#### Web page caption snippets
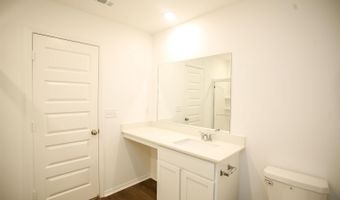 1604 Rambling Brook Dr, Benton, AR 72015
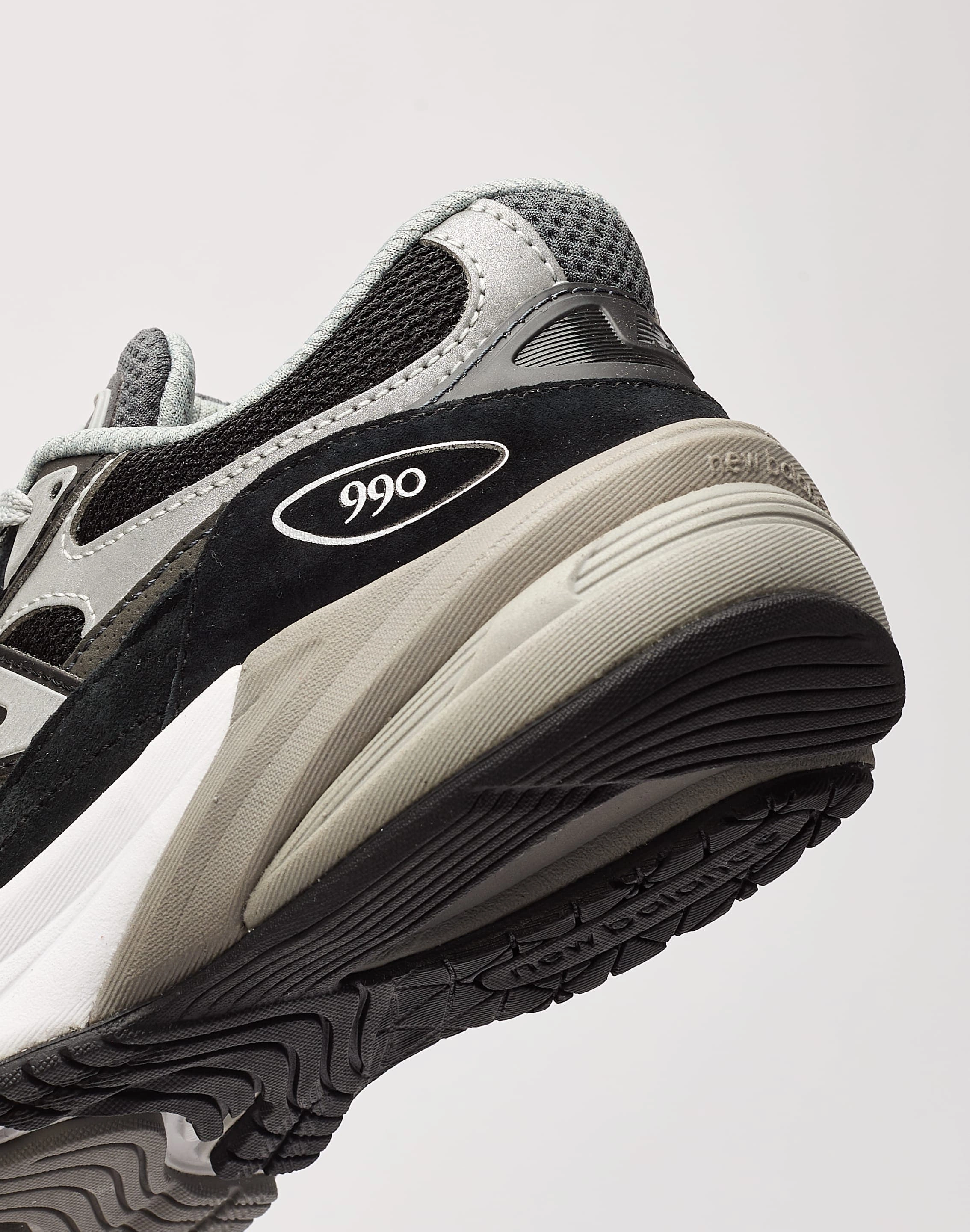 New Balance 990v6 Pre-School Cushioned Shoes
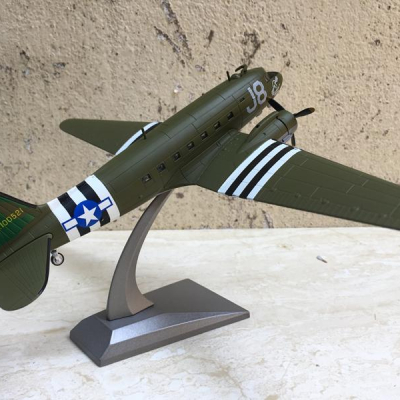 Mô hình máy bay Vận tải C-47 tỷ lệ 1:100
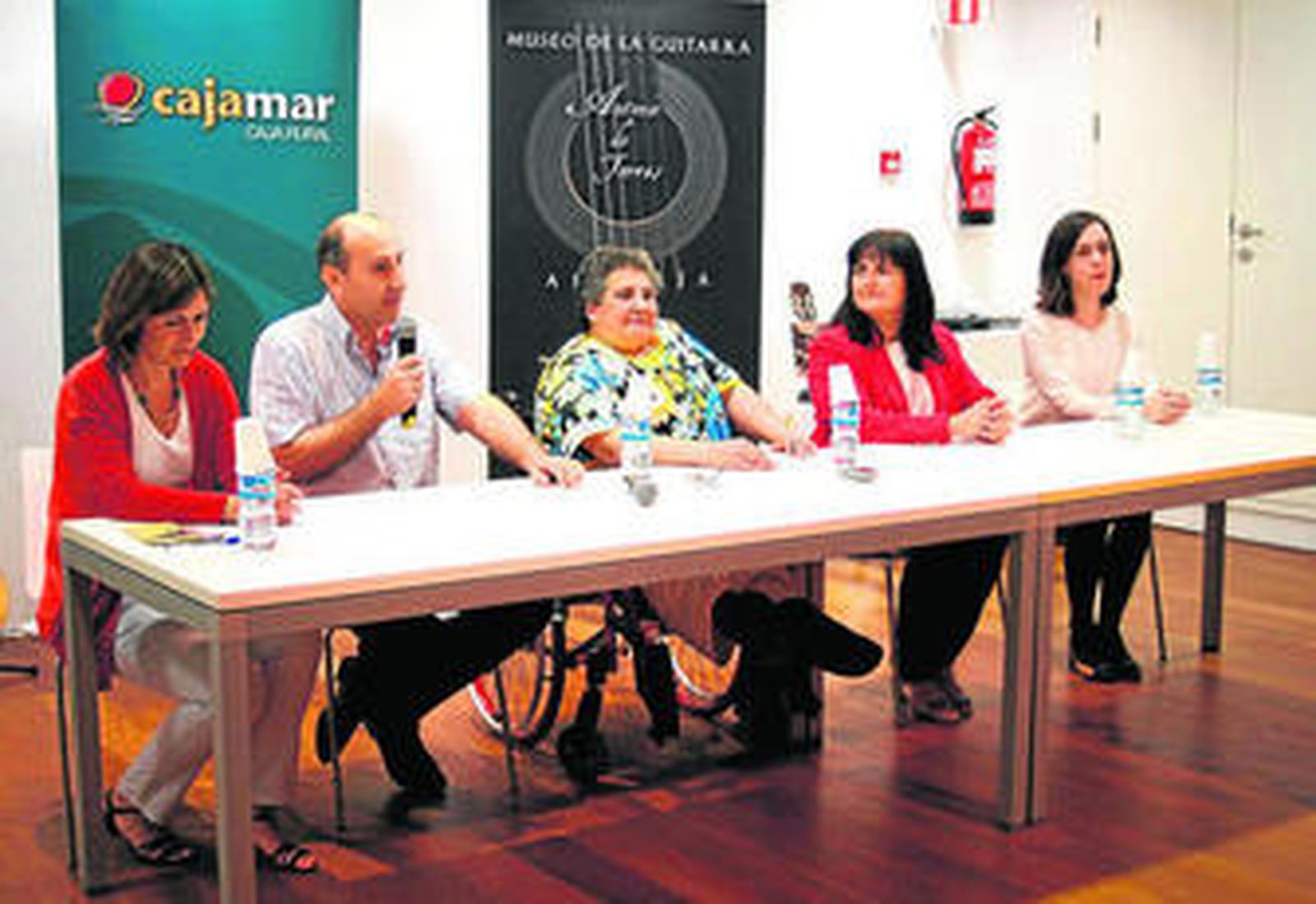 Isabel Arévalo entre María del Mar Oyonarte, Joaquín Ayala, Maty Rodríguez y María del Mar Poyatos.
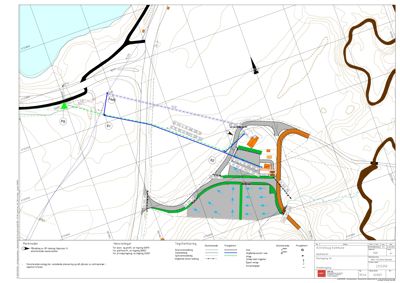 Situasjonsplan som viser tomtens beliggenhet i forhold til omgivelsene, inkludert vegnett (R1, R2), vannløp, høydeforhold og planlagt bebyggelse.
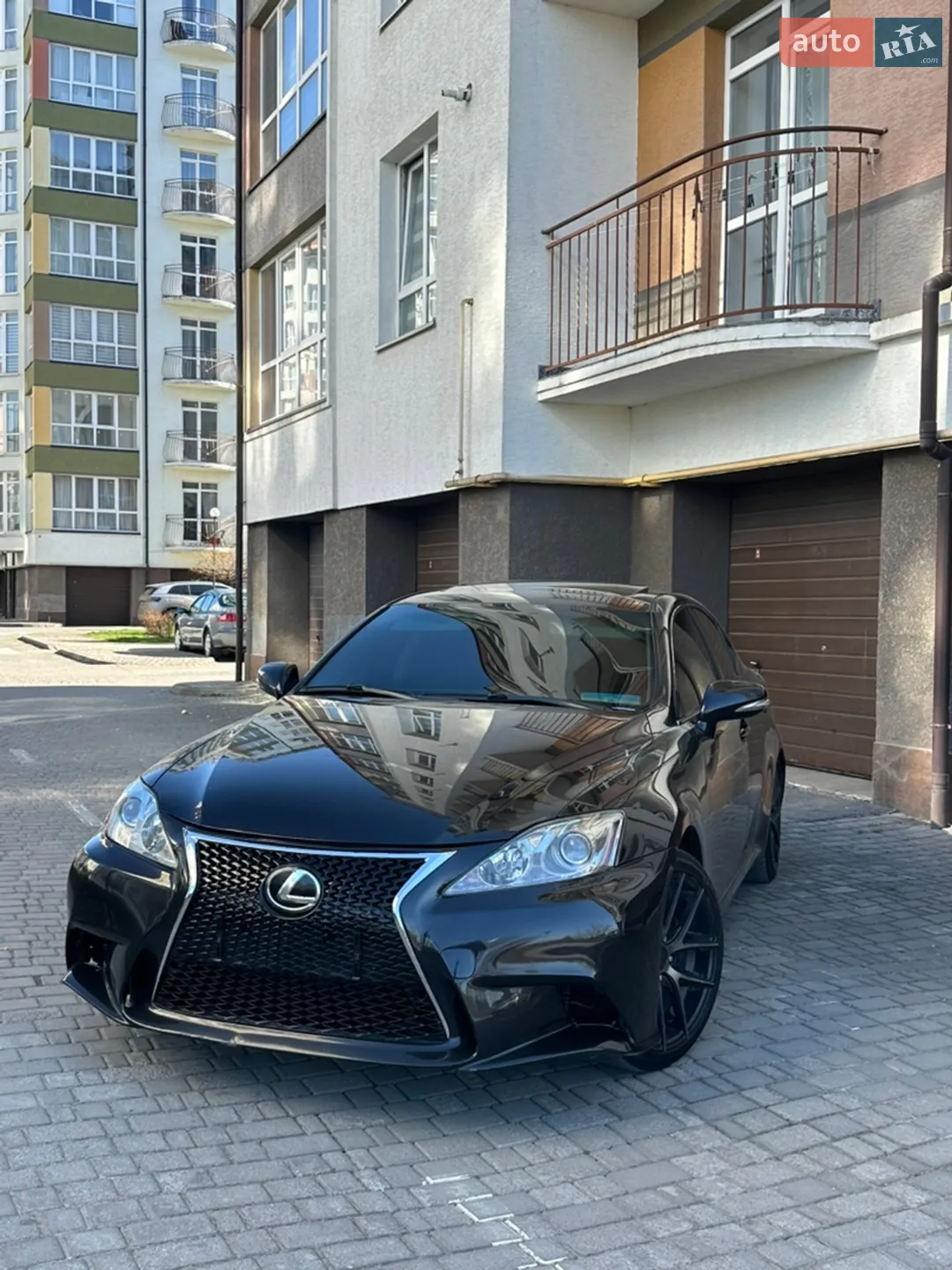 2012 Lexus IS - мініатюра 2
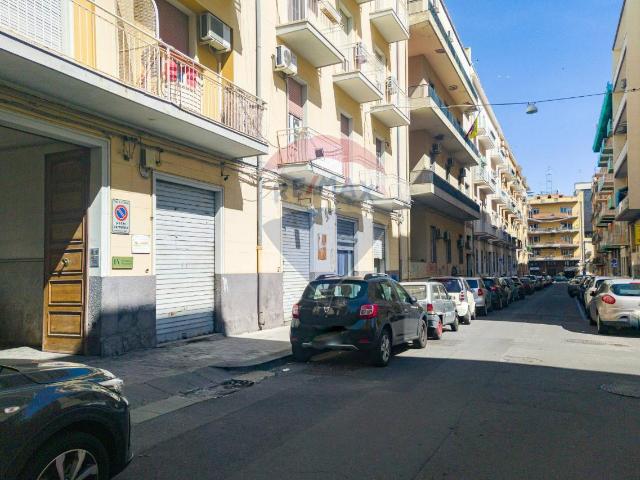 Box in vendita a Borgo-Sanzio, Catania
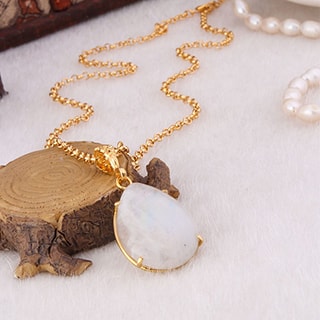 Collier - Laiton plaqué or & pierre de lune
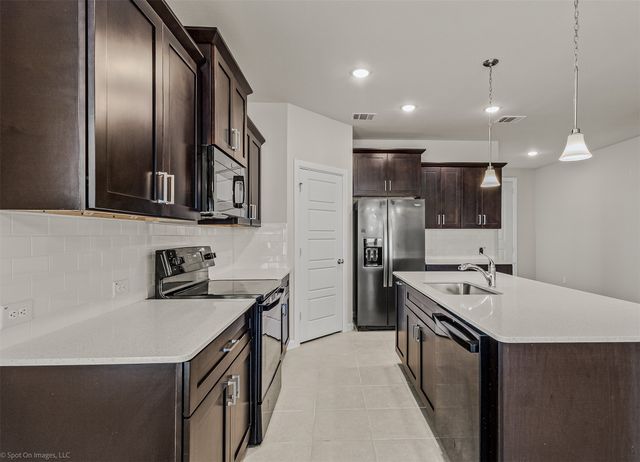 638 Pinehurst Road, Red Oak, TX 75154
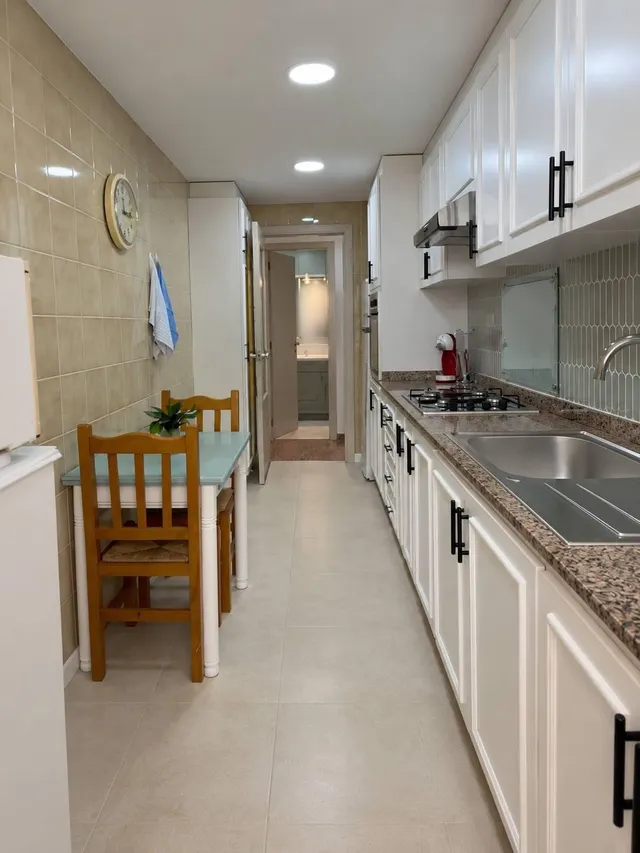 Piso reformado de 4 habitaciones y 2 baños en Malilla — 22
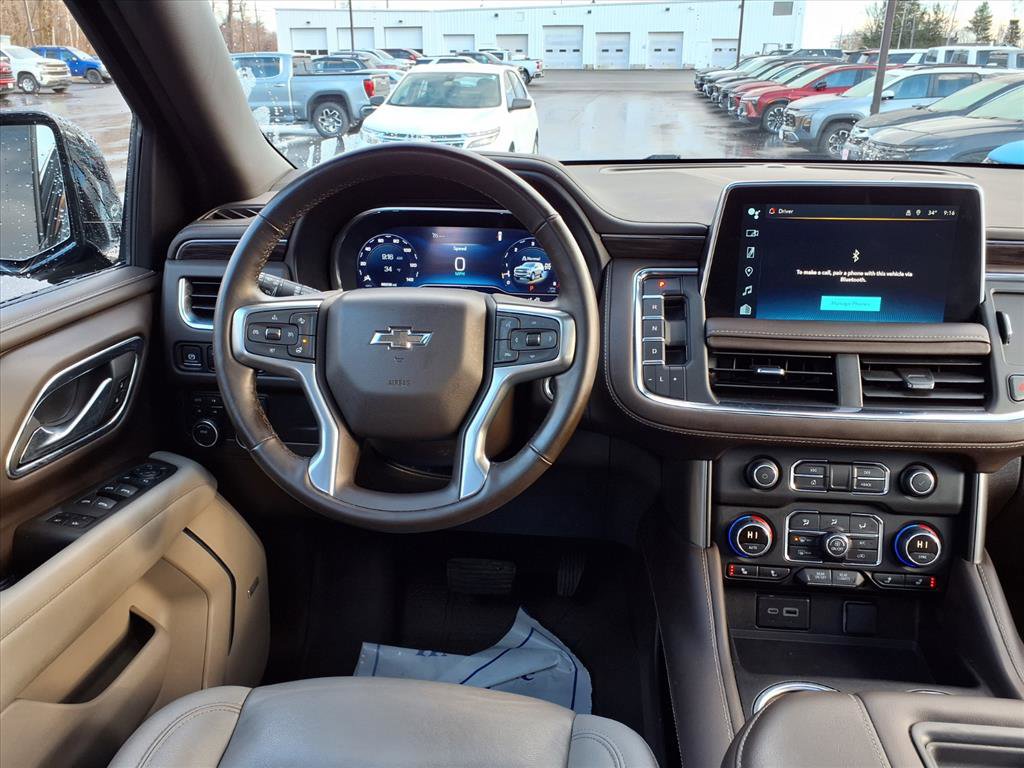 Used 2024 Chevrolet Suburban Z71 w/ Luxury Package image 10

#### TO DO
The expected answer is an exact copy of the lines from the one containing "Situasjonsplan som viser" through the last line of the entries above, both included, without pictures.

#### SOLVED EXERCISE
 Situasjonsplan som viser tomtens beliggenhet i forhold til omgivelsene, inkludert vegnett (R1, R2), vannløp, høydeforhold og planlagt bebyggelse.
 2012 Lexus IS - мініатюра 2
 Box in vendita a Borgo-Sanzio, Catania
 Collier - Laiton plaqué or & pierre de lune
 638 Pinehurst Road, Red Oak, TX 75154
 Piso reformado de 4 habitaciones y 2 baños en Malilla — 22
 Used 2024 Chevrolet Suburban Z71 w/ Luxury Package image 10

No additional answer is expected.